Banjir sudah berlalu –mestinya.

Yang belum adalah sentimen-sentimennya. Setiap kali ada masalah di Jakarta gema pilpres mendengung lagi.

Itu seperti luka yang belum sembuh tergores kembali.

Masih juga belum bisa move on.

Bahasa ejekannya saja yang berubah. Dari cebong dan kampret menjadi kutu babi dan kadal gurun.

Bersih-bersih gorong-gorong bisa cepat dilakukan. Bersih-bersih emosi sampai tujuh turunan –kelihatannya.

Ya sudah. Nikmati saja. Itulah kita. Dendam adalah kita. Bully adalah kita. Kita adalah dendam. Kita adalah bully.

Saya masih bersyukur. Tidak ada yang menyalahkan alam. Tidak ada yang menghujat Tuhan.

Ilmu pengetahuan juga harus mengalah. Tidak ada yang mempersoalkan mengapa tidak ada warning.

Semua sibuk liburan. Sibuk tahun baru. Tidak hanya Carlos Ghosn yang memanfaatkan kelengahan akibat keasyikan pesta liburan.

Curah hujan pun tumpah di saat orang asyik bertutup tahun.

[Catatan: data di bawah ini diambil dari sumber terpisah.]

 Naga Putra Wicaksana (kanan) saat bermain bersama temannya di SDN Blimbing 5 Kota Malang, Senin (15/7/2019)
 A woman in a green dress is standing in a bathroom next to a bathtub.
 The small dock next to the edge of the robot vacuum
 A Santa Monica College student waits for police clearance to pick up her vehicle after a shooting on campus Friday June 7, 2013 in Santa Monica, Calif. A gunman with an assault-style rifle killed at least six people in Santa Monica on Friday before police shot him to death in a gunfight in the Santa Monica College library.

Tapi apa yang terjadi seandainya lembaga peramal cuaca turun tangan? Dengan memberi warning habis-habisan bakal turun hujan yang berlebihan? Bahkan yang terbesar dalam 100 tahun?

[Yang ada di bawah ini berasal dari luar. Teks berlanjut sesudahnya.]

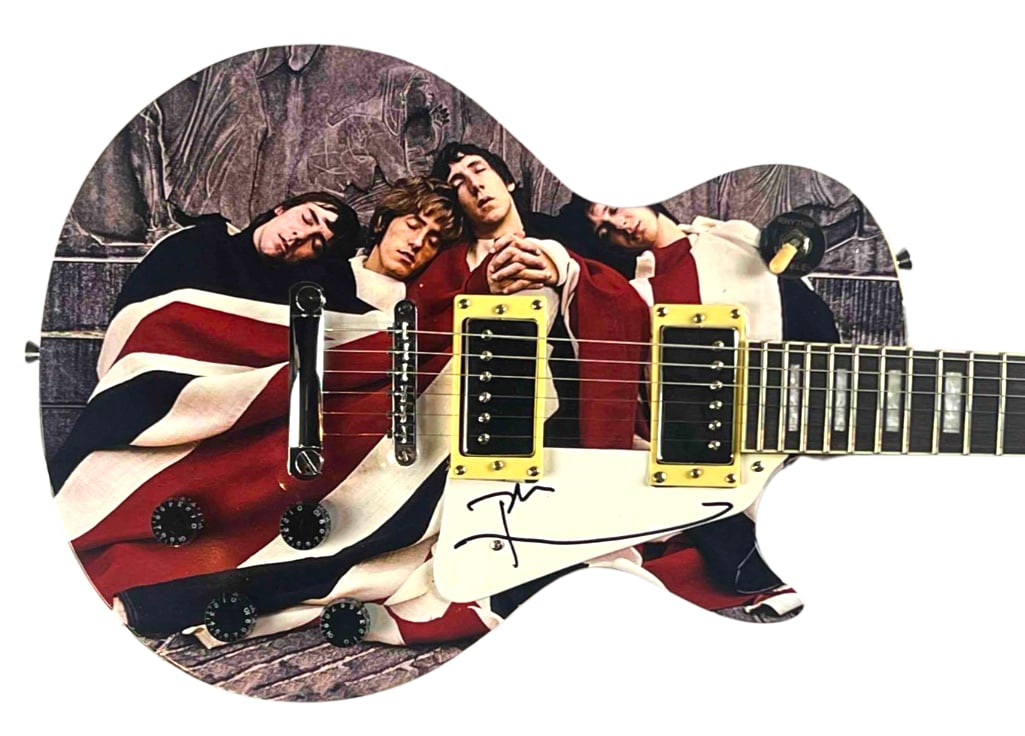 The Who: Pete Townshend Signed Custom "The Kids Are Alright" Graphics Les Paul-Style Guitar (JSA): "The Kids are Alright" custom graphics Les Paul-style guitar signed on the pickguard in black felt tip marker by the Who band member Pete Townshend. Measuring approximately 39" x 13" and in fine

Jangan-jangan kita juga tidak peduli. Kita bukanlah ilmu. Ilmu bukanlah kita.

Filsafat negara kita tidak menempatkan ilmu sebagai salah satu silanya.

Tidak usah gundah. Filsafat komunis juga tidak menempatkan ilmu dalam doktrinnya.

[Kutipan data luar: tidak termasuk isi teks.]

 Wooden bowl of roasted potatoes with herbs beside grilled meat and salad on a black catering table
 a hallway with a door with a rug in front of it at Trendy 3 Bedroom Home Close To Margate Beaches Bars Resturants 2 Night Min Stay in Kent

Setidaknya dulu. Ketika komunis dilahirkan.

Ketika komunisme masih asli. Masih hanya menjadi alat perjuangan kaum buruh. Untuk melawan kapitalis.

api ketika komunis masuk ke Tiongkok harus realistis. Tidak banyak buruh di sana. Yang banyak adalah petani miskin.

Maka komunisme pun berubah. Menjadi alat perjuangan tani. Dari komunis satu kaki (buruh) menjadi komunis dua kaki –buruh dan tani.

Itu di zaman Mao Zedong.

Yang komunisme –meski sudah dua kaki– tetap tidak bisa menyejahterakan rakyat.

Maka komunisme pun dibuatkan satu kaki lagi. Di zaman Deng Xiaoping – pengganti Mao. Menjadi komunisme tiga kaki: buruh-tani-pengusaha.

Masuknya pengusaha ke dalam komunisme diresmikan di zaman pengganti Deng Xiaoping: Jiang Zeming.

Dilihat dari azas dasar komunisme, komunis Tiongkok yang seperti itu bukan komunis sama sekali.